DATA SUPPLIED:
*** Begin section ***
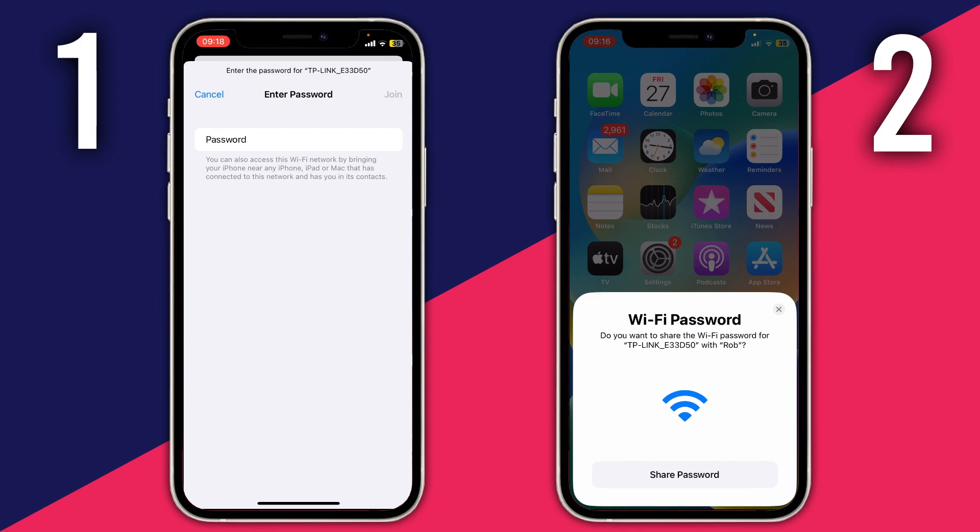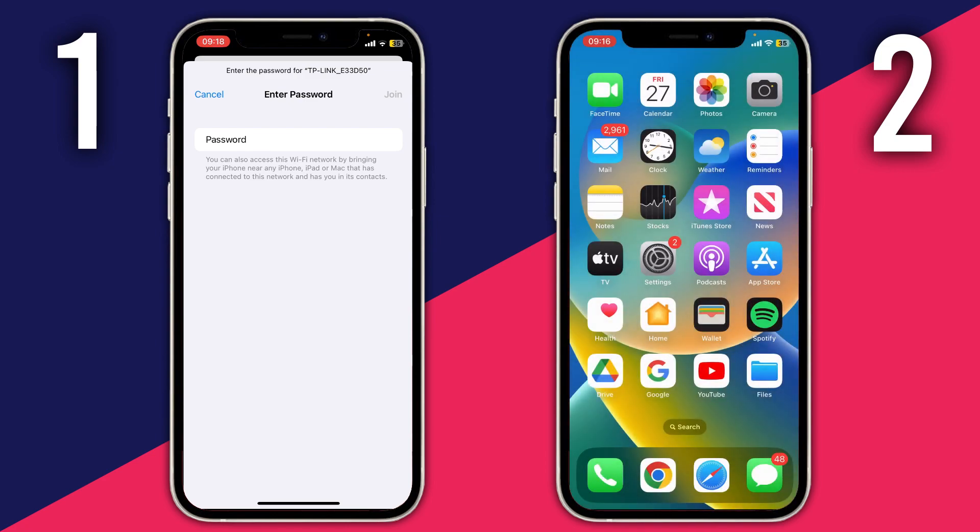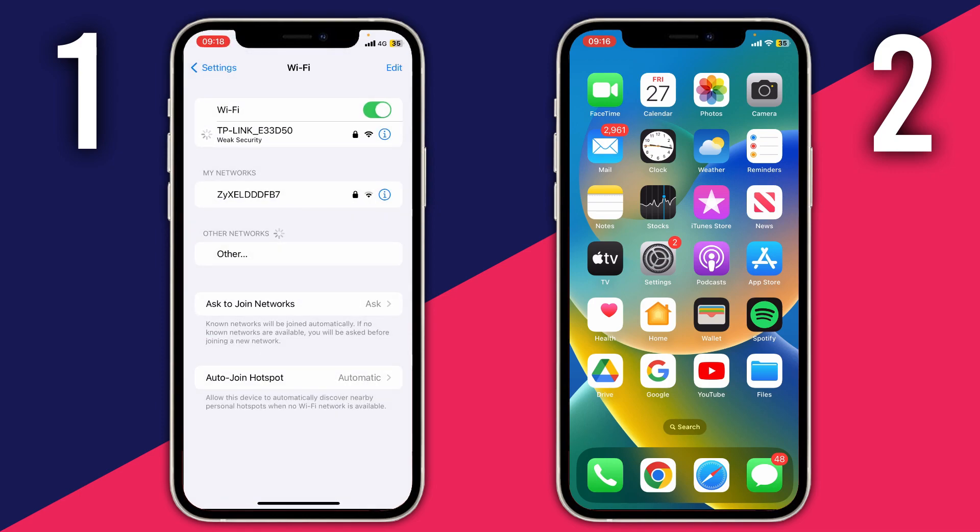Then what you can do is just tap on Share Password and the password is going to be automatically put over onto the other phone. It's going to automatically join the network — as you can see it's just spinning and we should shortly get the tick confirming that we've joined the Wi-Fi network.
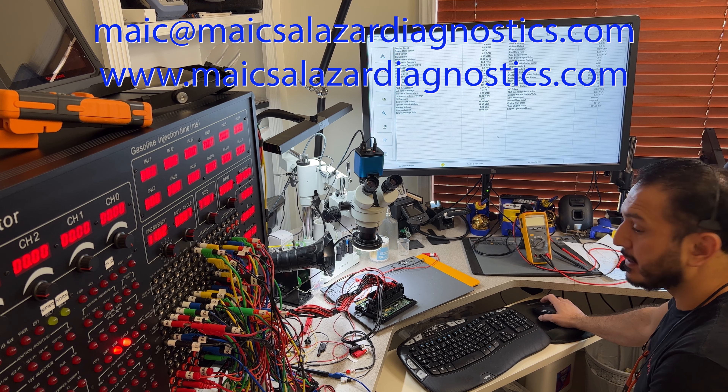This video is for Joe in Canada and for the rest of my subscribers. As you can see, we have very good knowledge of computers and electronic board repairs. You can contact me at mike@mikesalazardiagnostics.com — I'll put the email and website in the video description. Thank you so much for watching — see you next time, bye-bye!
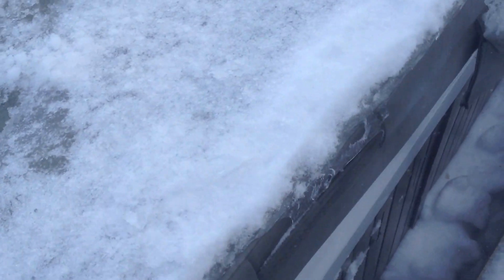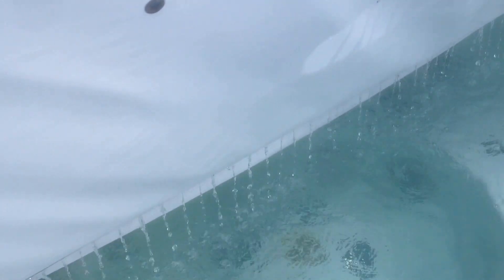So this is a Jacuzzi — oh, look at that. Tons of water. All the water is building up in there. This is a Jacuzzi J480.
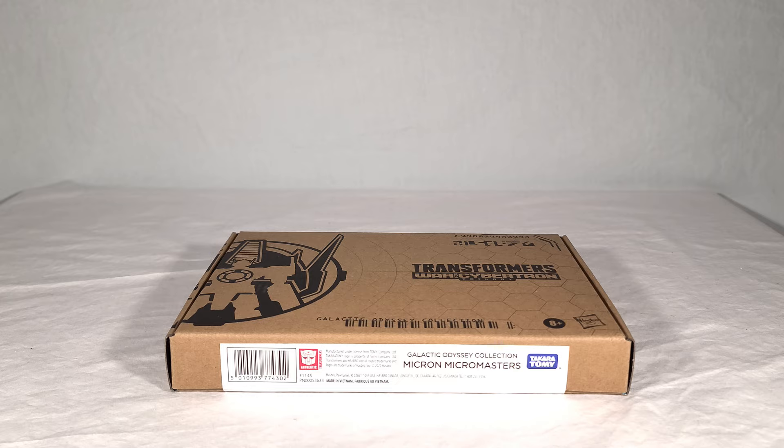In this case, the planet Micron is generally associated with Minicons, but because we don't have Minicons in the current toy line, they're using Micromasters instead, which are very similar.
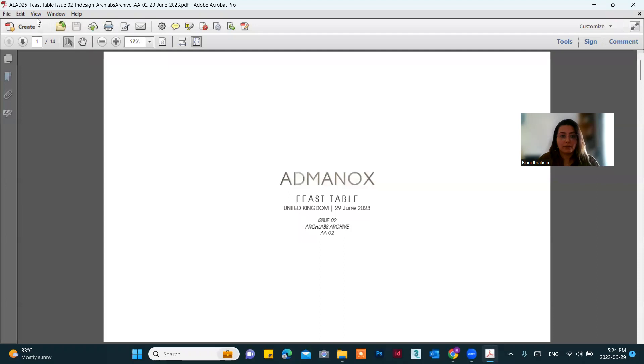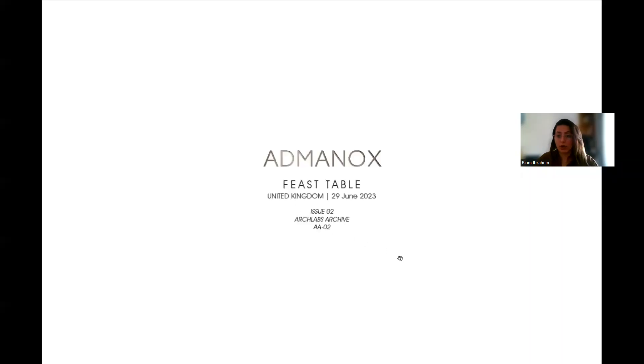Hi everyone, I'm going to present the Admonox project that I'm also working on, which is called Feast Table. It's still at the beginning of its phase, it's based in the United Kingdom, and this is ArcLabs archive 2.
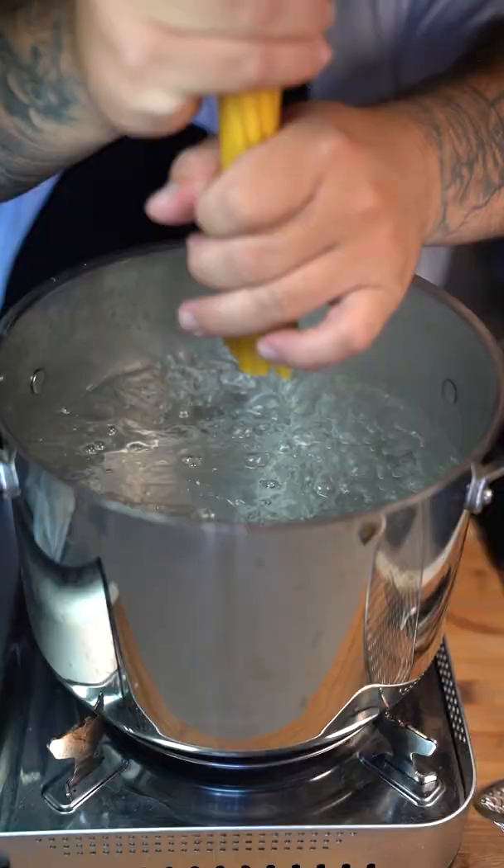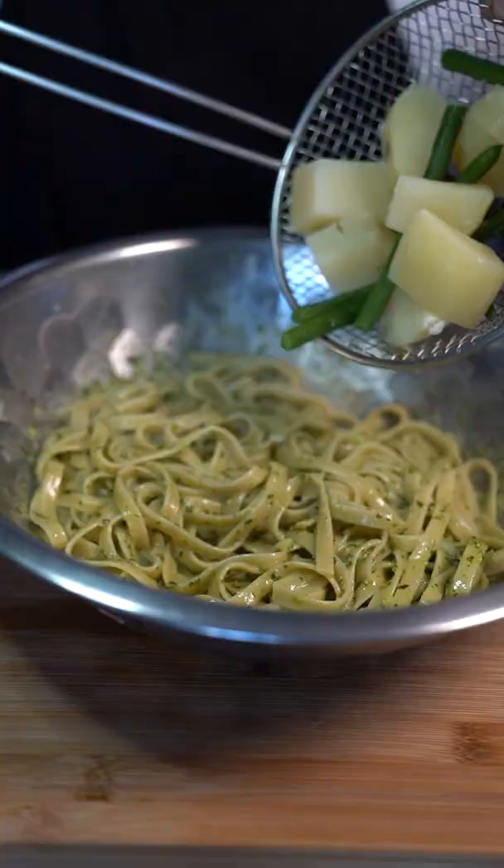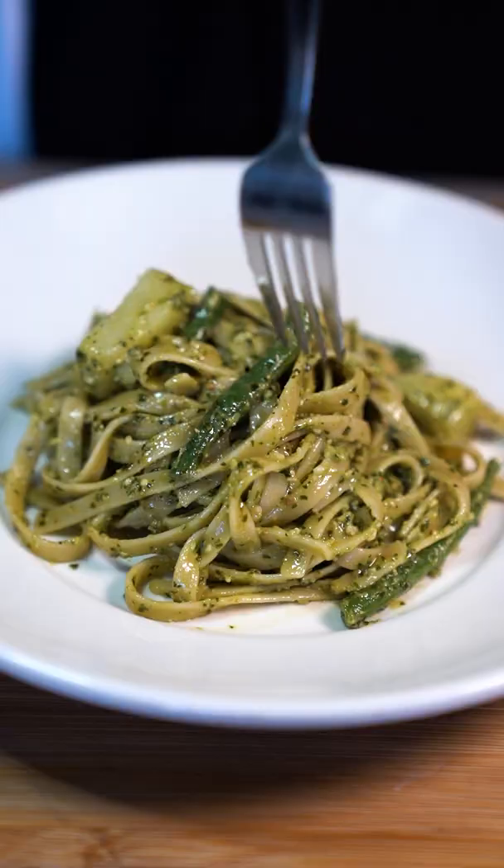Cut a white potato, cut some green beans in half, then put them in to boil. Cook your pasta for seven minutes. Combine the freshly cooked pasta with some of that pesto, pasta water, the potatoes and green beans, and lastly some salt and black pepper.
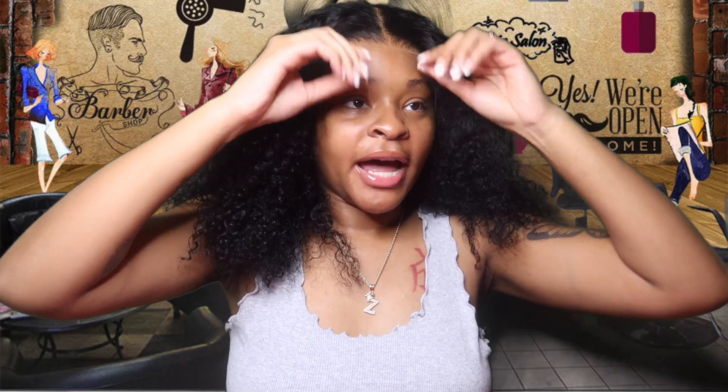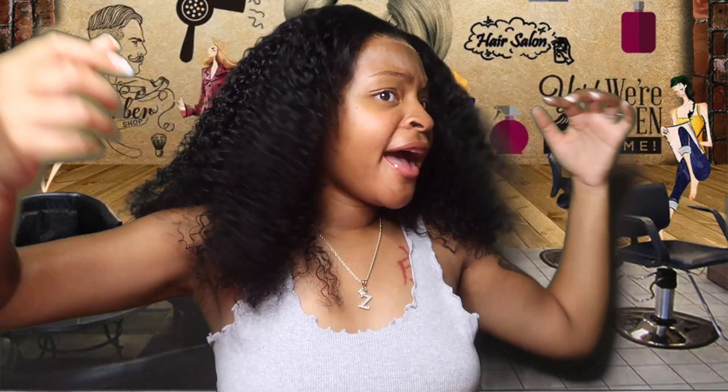Let me show you how this wig is really truly wearing. The fact that it's giving like glueless — you might just need to cut off a little bit of the lace, but the fact that she's giving like 'this is my hair.' West Kiss really went off with this one. She is giving, oh my god. Let me stop because y'all are gonna think I'm lying — I'm not lying, this is real life, this is the truth. She is giving.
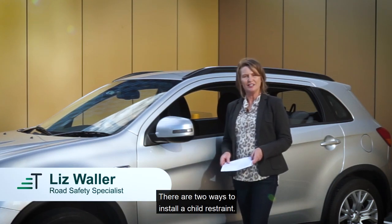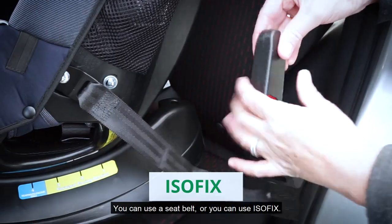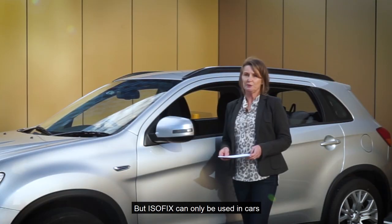There are two ways to install a child restraint. You can use a seatbelt or you can use Isofix. But Isofix can only be used in cars that have Isofix attachments.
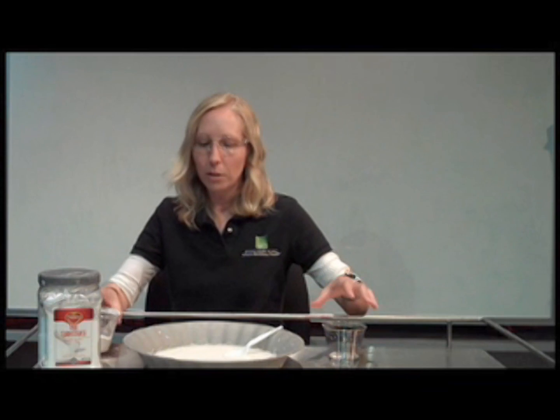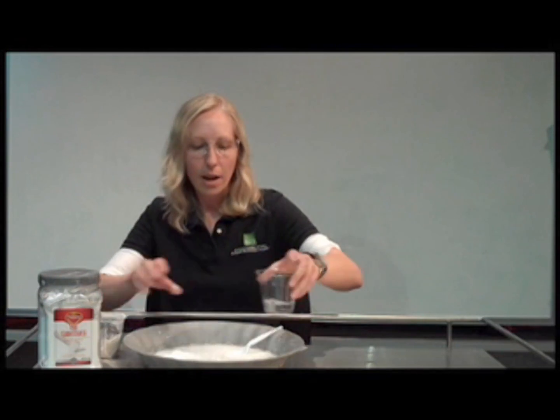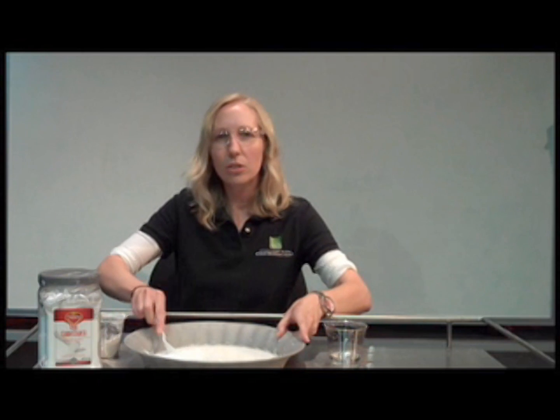First you're going to want to cover your surface area with newspaper. Then you're going to pour cornstarch and water together in the bowl, and you can mix it together either using a spoon or your hands. And presto! You've made ooblick!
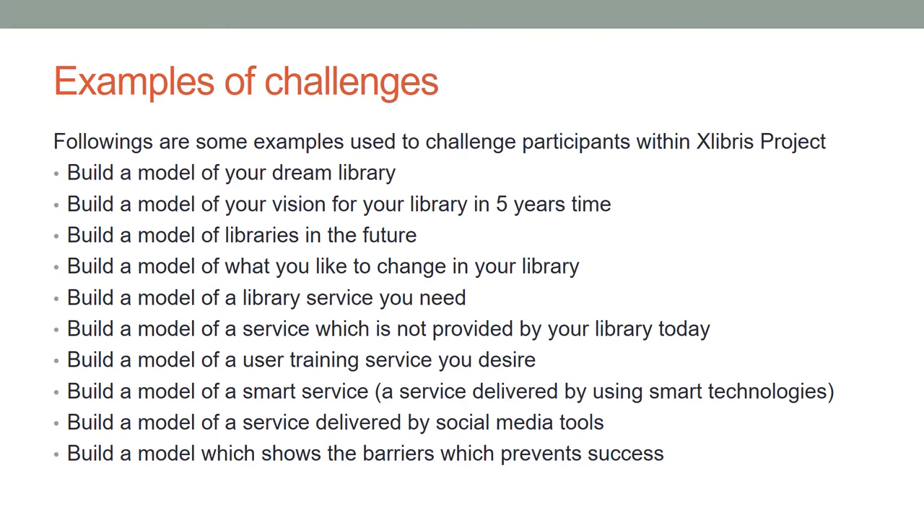The following are example challenges used within the ExLibris project: build a model of your dream library; build a model of your vision for your library in five years' time; build a model of libraries in the future; build a model of what you would like to change in your library; build a model of a library service you need; build a model of a service not provided by your library today; build a model of a user training service you desire; build a model of a smart service delivered by using smart technologies; and build a model of a service delivered by social media tools.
*** End section ***
ABOUT THIS EXERCISE:
Once the pictures are dropped, repeat the data above exactly.

WRITTEN ANSWER:
Then what you can do is just tap on Share Password and the password is going to be automatically put over onto the other phone. It's going to automatically join the network — as you can see it's just spinning and we should shortly get the tick confirming that we've joined the Wi-Fi network.
This video is for Joe in Canada and for the rest of my subscribers. As you can see, we have very good knowledge of computers and electronic board repairs. You can contact me at mike@mikesalazardiagnostics.com — I'll put the email and website in the video description. Thank you so much for watching — see you next time, bye-bye!
So this is a Jacuzzi — oh, look at that. Tons of water. All the water is building up in there. This is a Jacuzzi J480.
In this case, the planet Micron is generally associated with Minicons, but because we don't have Minicons in the current toy line, they're using Micromasters instead, which are very similar.
Hi everyone, I'm going to present the Admonox project that I'm also working on, which is called Feast Table. It's still at the beginning of its phase, it's based in the United Kingdom, and this is ArcLabs archive 2.
Cut a white potato, cut some green beans in half, then put them in to boil. Cook your pasta for seven minutes. Combine the freshly cooked pasta with some of that pesto, pasta water, the potatoes and green beans, and lastly some salt and black pepper.
Let me show you how this wig is really truly wearing. The fact that it's giving like glueless — you might just need to cut off a little bit of the lace, but the fact that she's giving like 'this is my hair.' West Kiss really went off with this one. She is giving, oh my god. Let me stop because y'all are gonna think I'm lying — I'm not lying, this is real life, this is the truth. She is giving.
There are two ways to install a child restraint. You can use a seatbelt or you can use Isofix. But Isofix can only be used in cars that have Isofix attachments.
First you're going to want to cover your surface area with newspaper. Then you're going to pour cornstarch and water together in the bowl, and you can mix it together either using a spoon or your hands. And presto! You've made ooblick!
The following are example challenges used within the ExLibris project: build a model of your dream library; build a model of your vision for your library in five years' time; build a model of libraries in the future; build a model of what you would like to change in your library; build a model of a library service you need; build a model of a service not provided by your library today; build a model of a user training service you desire; build a model of a smart service delivered by using smart technologies; and build a model of a service delivered by social media tools.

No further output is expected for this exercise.